Hrelja will support government's proposals
"In future Hrelja will support the government's bills and consult with us on political issues that, given his voters, are very important. I'm looking forward to that cooperation."
Asked about Hrelja's statement that the European family pension model would cost Croatia about HRK 1 billion a year, Plenković said that remained to be seen. "That's part of the government's programme. We wish to make increasing family pensions possible. It's good that we work on that together."
Asked if Hrelja's hand in parliament cost HRK 1 billion a year, Plenković said, "It would cost that even without this cooperation. The idea is for these legal changes to go into force on 1 January 2023."

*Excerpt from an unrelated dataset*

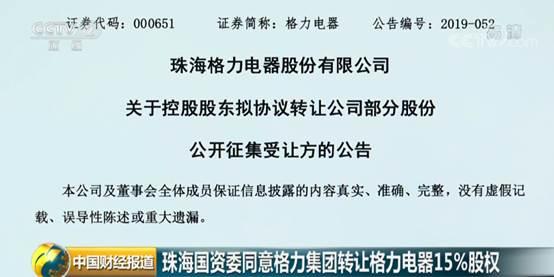 格力电器大股东转让15%股份方案敲定了！谁会是接盘方？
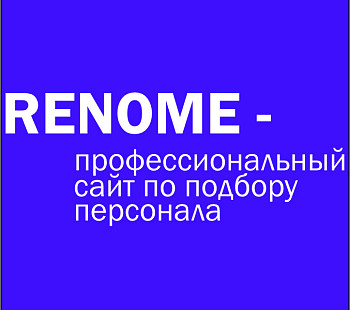 Веб-сервис представляющий собой интернет-ресурс для коммуникации соискателей и работодателей в определенном регионе.  Автоматизированный сервис с возможностью ручного администрирования и модерации г.Минск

Asked if he was talking about cooperation with other MPs as well, he said they were not at the moment.
"We are having a dialogue. Hrelja and I have a very good relationship (...) and I'm glad our views converge. It's good for Croatian democracy that we have as stable a majority as possible."
Asked if he had had it with Reformists president Radimir Čačić's threats of leaving the ruling coalition, Plenković said cooperation on the national level was one thing, which he expected to be honoured, and that local elections had nothing to do with that.
As for the selection of a Supreme Court president, he said that if the recommended candidate was not elected, applications would be invited again and someone else would be selected.
PM: The whole government and I deal with what's important
Plenković also commented on President Zoran Milanović's statement that he should "send lions at me, not poodles with dentures," saying this diverted attention from what was important.
"To me as prime minister, it's important that we have saved jobs, that we have revised the budget, that we will deal with the problems in health (...) These trivialities, insults... I think citizens see who is who."
Asked to comment on Vukovar Mayor Ivan Penava's idea that Croatian and Serb children in that city should go to the same schools, Plenković said Croatia protected its national minorities and that they were always in a position to contribute to the functioning of government.
He said minority representatives were part of the parliamentary majority and that this would not change.